For as long as I possibly could, I avoided any discussion of the birds and bees with my kids. The thought of having to explain babies, how they got in there, and the horror of how they get out, made me want to grab a gin and tonic and fan myself furiously.
I had been fairly lucky and so far have only had to tell the kids that babies came from a cabbage patch by the power of Jesus. Okay, maybe not the cabbage patch part, but really, I think kids would be more likely to believe that vegetables bring babies than what really happens.
Kids: It comes from where? And it got there how? (psychologically scarring thoughts ensue)
Me: Vegetables. Just think of the vegetables.
Then, one awful night, my world came crashing down around my ears. It all started innocently enough, with a bedtime story about some secret agents sent to heal my son’s stomach ache. When they reached his stomach, my daughter pipes up with, “And I came out of your tummy! They cut you open and I came out.”
I tried to casually explain that I did not have her cut out of my stomach, but that she had been born naturally.
“How did I come out?” she asks innocently.
“Doctors helped you come out,” I replied as vaguely as possible.
“But, HOW?” she persists.
There was no way out of this. She would hound me until I gave in. I could avoid her, but I know she would sneak up on me when I was weakest, and ask, “How did I get out of your body?”
I made a daring decision, to tell them the truth. Most of it anyway.

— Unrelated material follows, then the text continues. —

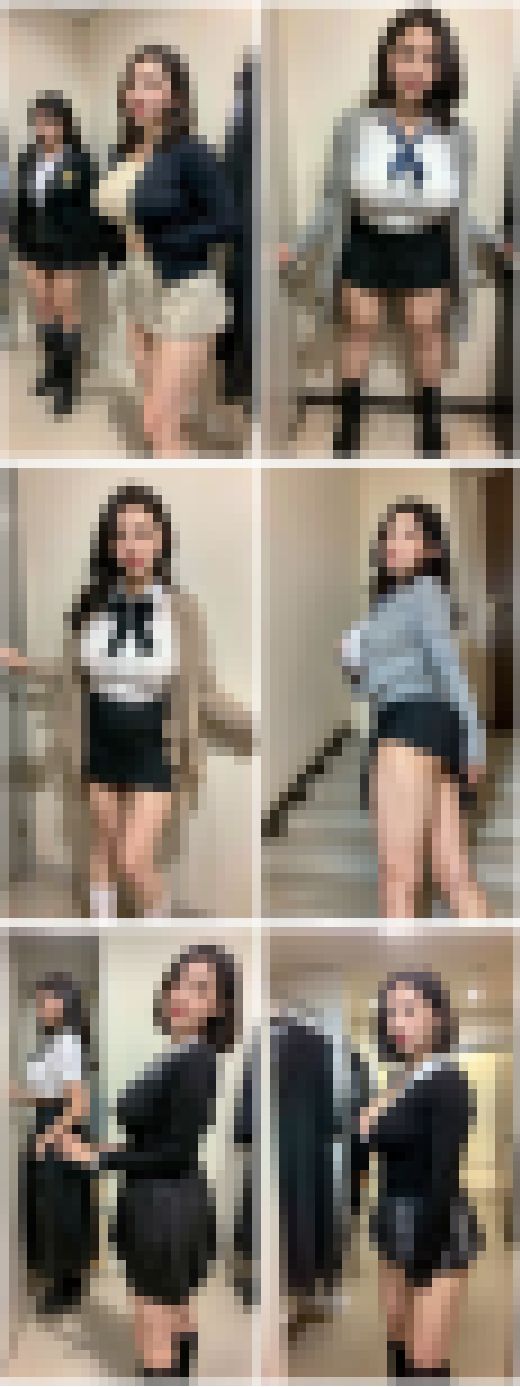 【30代】J●より断然エロい！爆乳ママの制服試着！　サンプル画像3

Me: Okay, guys. There are three holes.
Kids: <Giggling already>
Me: There’s the pee hole and the poop hole.
Kids: <Laughing uncontrollably> Mommy said pee hole! And poop hole! <snicker, snort>
Me: And that’s where boys end. They just have the two holes.
Girl: You have two holes!
Me: Girls have three holes. The pee hole, the poop hole, and the baby hole.
Boy: Wait. Where’s the baby hole?
Me: It’s between the pee hole and the poop hole.
Girl: You pooped me out of your butt hole?
Me: No. You came out of the baby hole. There’s the bladder, which connects to the pee hole, your colon which connects to the poop hole…
Then I start thinking to myself… I really need to study anatomy. Is that even right?
Me (continuing): …and the uterus leads to the baby hole.
Girl: What’s a uterus?
Me: Oh, Lord. Okay, it’s where the baby lives until it’s time to come out.
Boy: <snickering> You have a uterus! <snort>
Girl: Three holes! What?!
Me: Yes. Boys have two, girls have three.
Boy: Ha! I only have two!
Girl: But mommy had me and that’s why she has the jelly now.
The jelly is what The Girl calls my period. She thinks it’s because I gave birth. I am not ready to open that can of worms yet.
I stopped there, and tried to steer us all back to the story. Finally, the laughing subsided and I wrapped up the tale of the secret agents. But, obviously the big tale of the night was that of the three holes. I only hope it wasn’t nearly as scarring to them as it was to me.